Valid Palindrome II easy

Problem Statement

Given a string s, return true if the s can be palindrome after deleting at most one character.

Example 1

Input: s = "aba" Output: true

Example 2

Input: s = "abca" Output: true Explanation: You could delete the character 'c'.

Steps

The core idea is to check if the string is a palindrome or can become a palindrome by removing at most one character. We'll use two pointers (left and right) to traverse the string from both ends.

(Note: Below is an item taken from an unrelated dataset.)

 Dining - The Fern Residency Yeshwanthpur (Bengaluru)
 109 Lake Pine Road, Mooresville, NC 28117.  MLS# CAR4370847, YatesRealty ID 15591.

1. Two-Pointer Comparison: Iterate through the string using two pointers, one starting from the beginning and the other from the end.
2. Palindrome Check: If the characters at the left and right pointers are different, we have two options:
   • Option 1: Remove the character at the left pointer and recursively check if the remaining substring is a palindrome.
   • Option 2: Remove the character at the right pointer and recursively check if the remaining substring is a palindrome.
3. Base Case: If the pointers cross (left > right), it means we've either found a palindrome or could make it a palindrome by removing at most one character. Return True.
4. If Characters Match: If the characters at the pointers match, simply move both pointers towards the center.

Explanation

The algorithm efficiently checks for palindromes by comparing characters from both ends. If a mismatch occurs, it explores two possibilities: removing the left or right character, recursively checking if the resulting substring is a palindrome. This ensures that we only need to remove at most one character to achieve a palindrome. The base case efficiently handles the situation where a palindrome is found or can be made by removing at most one character.

Code

def validPalindrome(s):
    """
    Checks if a string can become a palindrome after deleting at most one character.

    Args:
      s: The input string.

    Returns:
      True if the string can become a palindrome after deleting at most one character, False otherwise.
    """
    left, right = 0, len(s) - 1

    def isPalindrome(s, left, right):
        while left < right:
            if s[left] != s[right]:
                return False
            left += 1
            right -= 1
        return True

    while left < right:
        if s[left] != s[right]:
            return isPalindrome(s, left + 1, right) or isPalindrome(s, left, right - 1)
        left += 1
        right -= 1
    return True

Complexity

• Time Complexity: O(N), where N is the length of the string. In the worst case, we might traverse the string a few times, but the overall complexity remains linear.
• Space Complexity: O(1). The algorithm uses a constant amount of extra space. The recursive calls in isPalindrome do add to the call stack, but this space is proportional to the length of the string in the worst case. However, it’s not considered in the typical space complexity analysis because it’s not used to store data beyond the call stack.